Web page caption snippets
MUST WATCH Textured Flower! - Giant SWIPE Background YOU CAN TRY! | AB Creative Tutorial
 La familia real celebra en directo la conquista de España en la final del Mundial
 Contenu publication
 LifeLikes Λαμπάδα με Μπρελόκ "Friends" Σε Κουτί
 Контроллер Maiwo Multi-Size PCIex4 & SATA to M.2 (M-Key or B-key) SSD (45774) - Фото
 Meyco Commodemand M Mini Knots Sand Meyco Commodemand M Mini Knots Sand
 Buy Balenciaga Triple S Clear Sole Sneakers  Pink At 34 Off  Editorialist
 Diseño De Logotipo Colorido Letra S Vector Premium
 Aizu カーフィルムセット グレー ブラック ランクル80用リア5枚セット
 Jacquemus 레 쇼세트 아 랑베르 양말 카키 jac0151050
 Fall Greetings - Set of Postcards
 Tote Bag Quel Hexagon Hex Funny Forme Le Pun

■ **Exercise brief**
Print only these lines, exactly: the one containing "Contenu publication" and all after it to the end of the entries.

■ **Completed exercise**
 Contenu publication
 LifeLikes Λαμπάδα με Μπρελόκ "Friends" Σε Κουτί
 Контроллер Maiwo Multi-Size PCIex4 & SATA to M.2 (M-Key or B-key) SSD (45774) - Фото
 Meyco Commodemand M Mini Knots Sand Meyco Commodemand M Mini Knots Sand
 Buy Balenciaga Triple S Clear Sole Sneakers  Pink At 34 Off  Editorialist
 Diseño De Logotipo Colorido Letra S Vector Premium
 Aizu カーフィルムセット グレー ブラック ランクル80用リア5枚セット
 Jacquemus 레 쇼세트 아 랑베르 양말 카키 jac0151050
 Fall Greetings - Set of Postcards
 Tote Bag Quel Hexagon Hex Funny Forme Le Pun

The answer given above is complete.